Horas depois, o próprio governante
manva passou por perto do aposento e ouviu comemorações
e risadas. Ao ordenar que a porta fosse aberta viu pedras
no chão e Aduneius explicando naquela “palavras
ininteligíveis” algo sobre o jogo. A um pedido
seu, o servo respeitosamente explicou sobre o imbatível
Aduneius e seu joguinho de pedras. Isso aguçou a curiosidade
do homem. Ao ver que os hóspedes eram gente interessante
os convidou para alimentar-se a sua mesa e contar de onde
vieram e o que faziam em solo manva. Meirol alertou a todos
de que podia se tratar de uma gentileza com fins específicos
e ordenou-lhes que nada falassem da Pedra Sácer.
Durante a refeição, usando
o mastariano como intérprete, Aduneius conversou sobre
como a matemática era avançada em sua terra.
Explicou-lhes alguns princípios fundamentais e contou
o que os homens de libros chamam de “O problema do viciado”,
segundo o qual um jogador tinha moedas no valor de 16 pésets
de prata e foi até uma casa de jogos. Ganhasse ou perdesse,
ele sempre apostava a metade de seu dinheiro. Numa notinha
apostou 6 vezes, perdeu 3 e ganhou 3. Aduneius perguntou com
quanto dinheiro ficou o jogador e parecia razoável
a todos que fosse os mesmos 16 pésets, uma vez que
independentemente da ordem das perdas e ganhos, o que perdia
recuperava e o que ganhava perdia. Através de cálculos
Aduneius provou ao líder manva que o jogador sempre
perdia 9,25 pésets, independentemente da ordem de ganhos
ou perdas.
Foi um problema para o manva compreender
a fração 0,25 que compunha aquele 9,25, mas
ficou muito satisfeito com seu aparentemente ilustre sábio.
(pésets é uma medida monetária dos mastarianos,
empregada pelos manvas também. Aduneius não
a conhecia, mas aqui teve a ajuda do mastariano)
No decorrer da noite Aduneius foi contando
a respeito de onde ele era, de como era a terra de Libros,
e da origem da civilização em Númaior.
Falou da nazbiata (embarcações vindas do continente
daneliano se perdem no mar e param neste continente) e de
como carachis escravos das embarcações se espalharam
em pequenas tribos.
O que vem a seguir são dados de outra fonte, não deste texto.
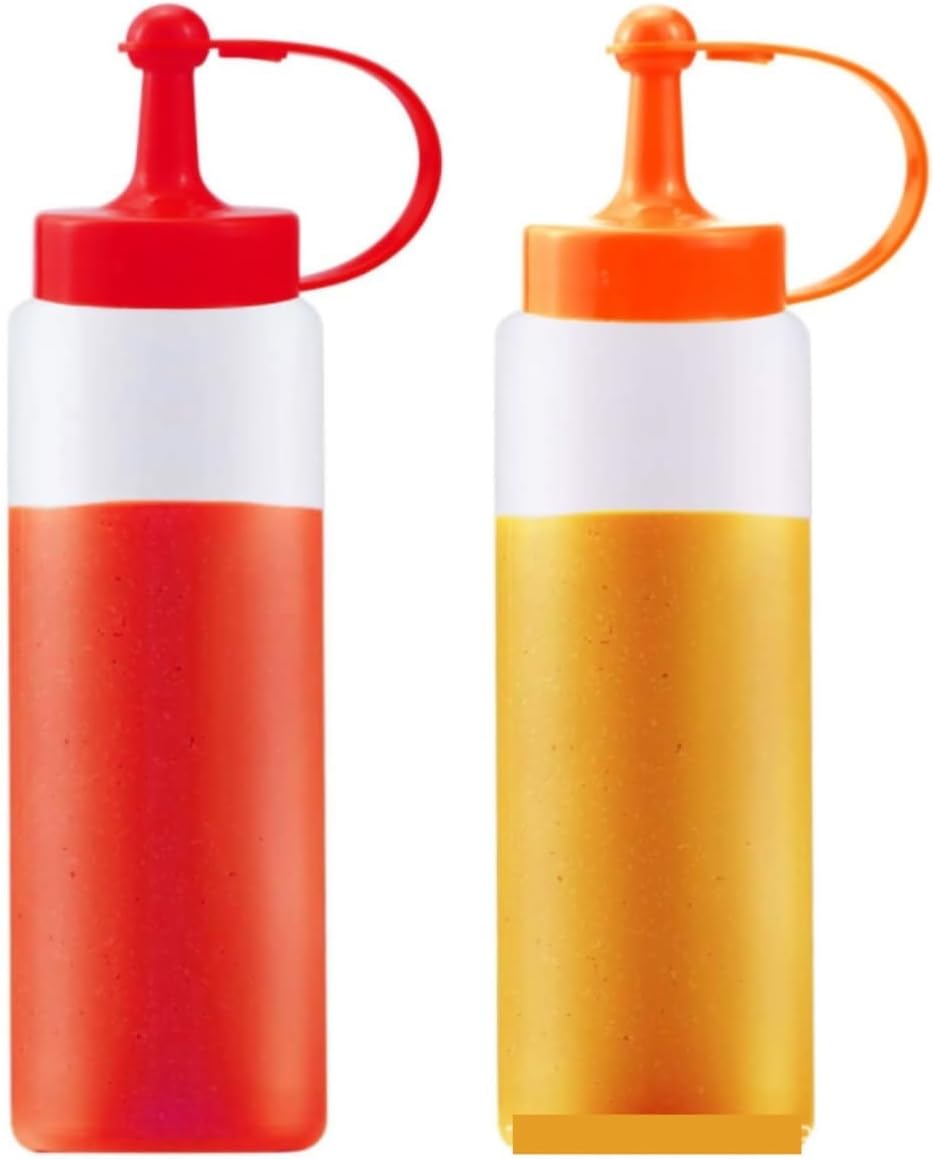 KLEYE 5PCS Red Condiment Squeeze Bottles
Todos ficaram surpresos quando ele mencionou
que destes carachis descenderam as tribos dos asnarlahals,
levinotes (ao falar dessa tribo apontou a Ninfa) e dos mastarianos,
entre outras.
“A maioria dos carachis conhecia a língua comum
falada na Danélia, por isso levaram-na consigo pelo
nosso continente afora …” Explicava Aduneius,
diante da agonia de Meirol que tinha pressa em se livrar daquele
homem gentil, mas ainda assim seu captor e possivelmente um
perigoso manva. Os demais, porém, pareciam se deliciar
com aquele vislumbre do começo, algo que intrigara
tantas mentes por tanto tempo. Perguntado por Servensaus (pergunta
que foi devidamente traduzido para a língua manva),
o que exatamente era essa terra de Libros, Aduneius respirou
fundo como se em sua mente se passasse uma lembrança
gostosa tal qual uma brisa fresca num dia que queima em calor.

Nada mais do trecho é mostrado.